The real magic happens when you start creating combinations of messages that provide a personalized, relevant succession of messages that guide your customers through the buyer’s journey.
It’s clear that this hesitance to create more than one popup doesn’t come from laziness or ignorance (usually). Rather, it’s driven by the fear of overwhelming and annoying visitors with too many messages. But the truth is that with the right onsite message combination, you can actually improve the customer experience.
In the rest of this article, we’ll go over some easy-to-implement multi-popup strategies that can deliver great results for your ecommerce store.
How to create personalized popups your customers will love?
Although there are several reasons popups can annoy visitors, the most important (and most common) cause is that those popups are irrelevant.
When a visitor doesn’t care about your message, they’ll naturally be put off by the interruption to their browsing.
To follow this idea to its logical conclusion, in order to safeguard your customer experience and improve your conversion rates, you need to make sure that all your onsite messages are relevant to the visitor who sees them.
In an ideal world, you’d be able to craft a 100% personalized message for each and every visitor. This would guarantee that all your messages are highly relevant.

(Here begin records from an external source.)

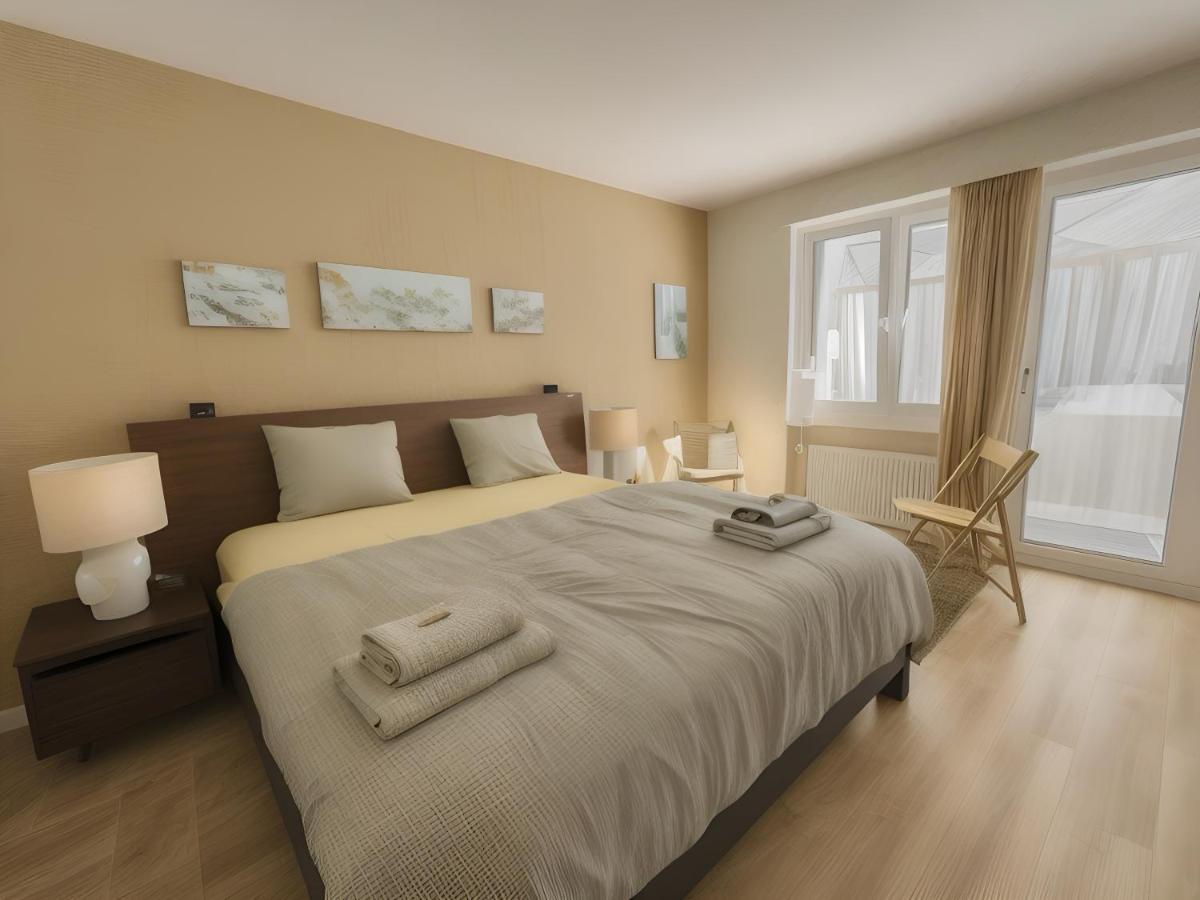 One-Bedroom Apartment with Balcony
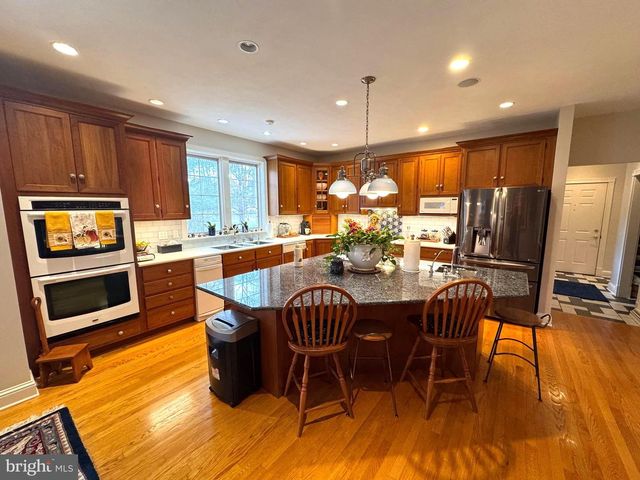 160 LOWER GRANDVIEW RD, State College, PA 16801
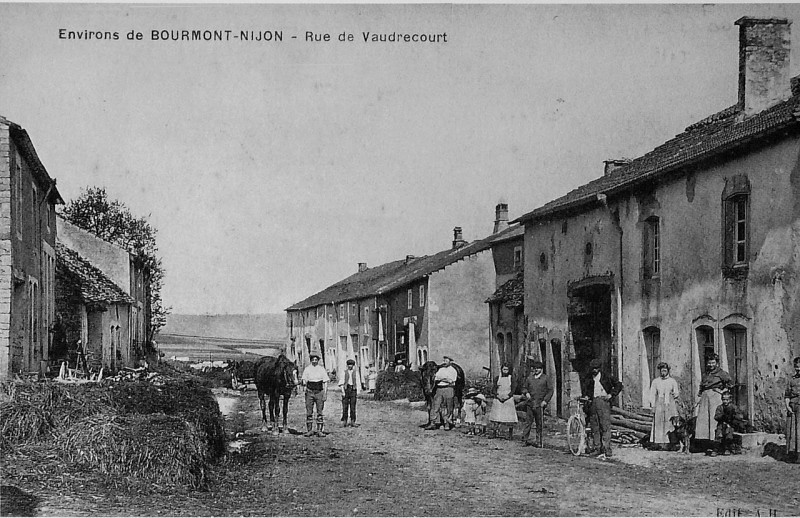 Carte postale ancienne Nijon 74037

Unfortunately, this isn’t feasible with today’s technology and the public’s increasing privacy demands. But if you get clever with the segmentation and targeting of your popup campaigns, you can come pretty close (classic Pareto principle in action).
Here’s what you need to do:
- Identify (relatively) homogeneous segments
- Craft a relevant message for each segment
- Make sure that these messages won’t conflict
Let’s tackle these three steps one by one.
Step 1: Find the right segments
This first step is actually the most difficult since you need a deep understanding of your customers.
We recommend two approaches to segmentation.
The first is data-heavy: analyze current customer behavior and group customers into different segments based on clusters of visitors with similar needs and behaviors.
The second approach relies on your team’s expertise and knowledge. You can brainstorm important milestones along your customers’ buying journey (and thus explore the different awareness levels) and identify opportunities where you could create value for these specific segments.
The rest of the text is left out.